“灵甲一直在发热灼烧琉璃……来不及等你恢复肉身了,阎王说,取你心口三滴魂髓,就能彻底稳住这身护身甲。”
“桑桑,算我求你懂事一回。这次……算我欠你的。”
欠我的?
这五百年,他欠我的还少吗?
他总是这样,打着要报恩的名义,心安理得地将刀子捅向最不会反抗的我。
仿佛只要加上一句“她是为了救我”,他加诸在我身上的一切暴行就都有了正当理由。
“如果我不给呢?”
顾寒渊的脸色瞬间冷了下来,“由不得你。
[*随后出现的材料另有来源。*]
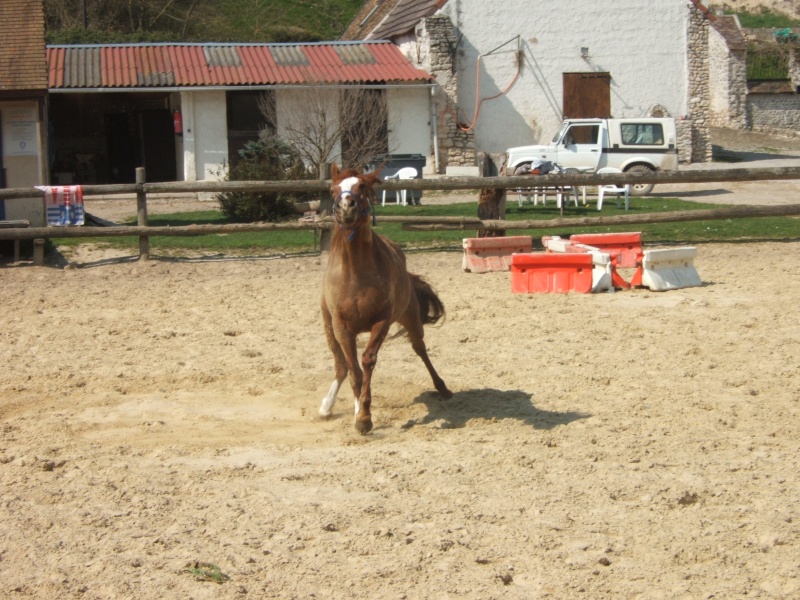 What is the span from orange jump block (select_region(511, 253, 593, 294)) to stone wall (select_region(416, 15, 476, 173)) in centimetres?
1812

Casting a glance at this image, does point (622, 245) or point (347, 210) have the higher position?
point (347, 210)

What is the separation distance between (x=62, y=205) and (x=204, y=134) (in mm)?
12901

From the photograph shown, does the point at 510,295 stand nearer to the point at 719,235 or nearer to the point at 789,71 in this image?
the point at 719,235

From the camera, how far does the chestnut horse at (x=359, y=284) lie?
617 cm

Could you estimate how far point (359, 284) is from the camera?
6.40 m

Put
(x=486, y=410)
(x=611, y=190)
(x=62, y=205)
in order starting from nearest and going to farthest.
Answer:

”
他抬手一挥,一道定身咒打在我身上。
我动弹不得,眼睁睁看着他挥起匕首。
刀刃刺入魂魄。
挖魂髓是直接伤及本源的,痛楚从魂魄最深处炸开,比肉身被剥皮要痛苦百倍。
我痛得浑身痉挛,连尖叫都发不出来。
泛着淡金色光芒的魂髓,顺着刀刃滴入玉碗。
每落下一滴,我的魂魄就透明一分。
顾寒渊的手有些发抖。
他看着我惨白的脸,眼底翻涌着惊惧与挣扎。
“疼就喊出来。”
他哑着嗓子开口,像是说给我听,又像是在安慰他自己。
多可笑啊。
刚上九重天那会儿,我不小心划破了手指,他都要紧张地捧着我的手吹半天,心疼得眉头紧锁。
现在,他亲手持刀向我,却只有一句“忍着点”。
我强撑着扯了扯嘴角,“上神说笑了,我是树妖,皮糙肉厚,这点痛……算什么。”
顾寒渊的动作一顿,突然慌乱地偏过了头,似乎不敢再看。
他咬牙收回匕首,匆忙撤去定身咒,脚下有些凌乱。
“桑桑,我只是在还她的救命之恩……”
他在门口停下,没有回头,“等恩情报完,我会好好补偿你。”
我缓缓站直,魂魄淡得几乎看不见。
“顾寒渊。”我叫住他。
他停下脚步,没回头。
“这些魂髓给了她,我们之间算两清。”
“放了我吧。”
顾寒渊的背影一僵,过了片刻后,才嗓音低沉的说道:“桑桑,别闹。我说过会补偿你,两清这种胡话,以后不要再提。”
说完,他大步流星地走了进去。
我听见屋里传来叶琉璃惊喜的声音:“寒渊哥哥,你真好。”
“姐姐她……没事吧?”
“没事。”
没事吗?
我低头看着自己胸口那个无法愈合的窟窿。
魂力正一点点往外泄。
照这个趋势,不出七天,我就会彻底消散。
4
整个偏殿设了结界,我出不去,也无处可逃。
我被困在这一方天地,日复一日地看着叶琉璃披着我的皮,在他面前翩然起舞。
我的魂魄一天比一天薄,意识也越来越混沌。
直到天界举办蟠桃宴。
顾寒渊要带叶琉璃去赴宴。
临走前,叶琉璃突然跑到我面前,往我手里塞了一个东西。
我认得,那是顾寒渊母亲的遗物,他向来看得比性命还重。
怎么会在叶琉璃的手上?
她哭得梨花带雨,“姐姐,求你帮我修修这块玉佩吧,我不小心摔碎了,寒渊哥哥知道会杀了我的!”
我还没来得及开口,顾寒渊就走了进来。
“琉璃,怎么了?”
叶琉璃仿佛受了惊吓,尖叫着后退一步,姿态宛如被我猛地推开。
“姐姐,我知道你恨我,可这玉佩是寒渊哥哥最珍视的东西,你怎么能摔碎它!”
她指着我手上的玉佩,神情震惊又悲痛。
我看着手里的玉佩。
这些肮脏的戏码,她当真演不腻。
顾寒渊看到地上的碎片,周身气息骤然冰冷。
那枚玉佩,他曾在酒醉的深夜放在我掌心。